Petrakopoulou Paraskevi, Anthopoulou Lydia, Muscholl Michael, Klauss Volker, von Scheidt Wolfgang, Uberfuhr Peter, Meiser Bruno M, Reichart Bruno, Weis Michael

机构信息

Medizinische Klinik und Poliklinik I, Ludwig-Maximilians University of Munich, Munich, Germany.

出版信息

J Am Coll Cardiol. 2006 Apr 18;47(8):1622-9. doi: 10.1016/j.jacc.2005.10.073. Epub 2006 Mar 27.

Abstract

OBJECTIVES

This study aimed to compare changes in coronary endothelial function, systemic endothelin-1 (ET-1) levels, and vascular remodeling in heart transplant recipients randomized to cyclosporin A (CyA) or tacrolimus (Tac) immunosuppression.

BACKGROUND

Functional endothelial abnormalities and intimal thickening are sensitive measures of early cardiac allograft vasculopathy (CAV).

METHODS

The randomized, prospective study was performed in two groups of 22 patients, maintained on Tac or CyA and mycophenolate mofetil immunosuppression, 1 and 12 months after heart transplantation. We investigated epicardial luminal diameter, coronary blood flow velocity, and ET-1 plasma levels at 1 and 12 months after transplantation. Structural coronary alterations were determined using intravascular ultrasound.

RESULTS

Epicardial vasomotor function at baseline and during follow-up was comparable between the groups.
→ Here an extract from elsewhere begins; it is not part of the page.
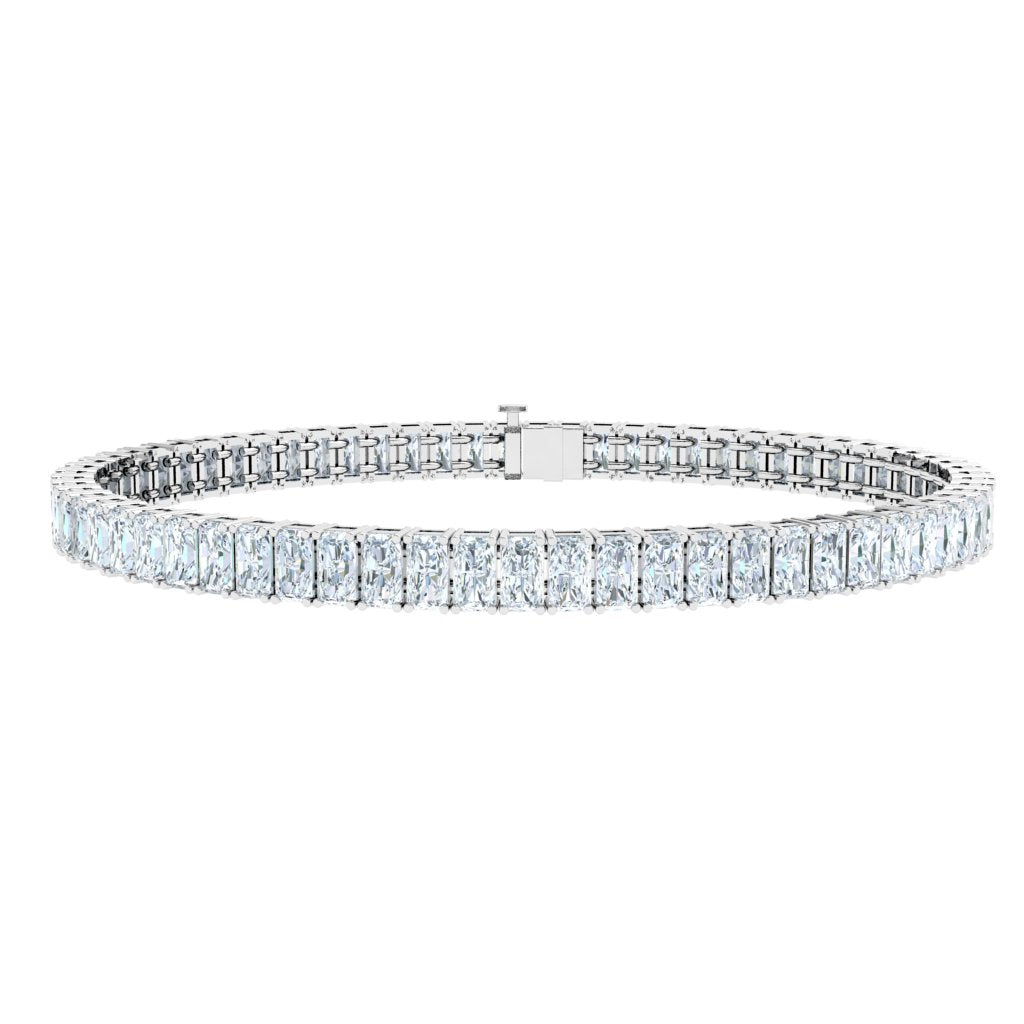 Emerald Tennis Moissanite Bracelet White Gold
Deterioration of microvascular endothelial function during follow-up was significantly enhanced in the CyA versus Tac group (p < 0.05). Circulating ET-1 concentration increased in the CyA group but significantly decreased over time in the Tac group (CyA +17% vs. Tac -25%; p < 0.05). The time-dependent increase in mean intimal area was significantly enhanced in the CyA versus Tac group, whereas the vessel area significantly increased during follow-up in the Tac compared with the CyA group.

CONCLUSIONS

Epicardial endothelial function is comparable between CyA- and Tac-treated patients. Microvascular endothelial function deteriorates more in CyA-treated patients, a finding that correlates with enhanced ET-1 concentration and an increased intimal area during follow-up. The mean vessel area in the Tac group increased over time, indicating positive vascular remodeling. Tac is superior to CyA with respect to microvascular endothelial function, intimal thickening, and vascular remodeling.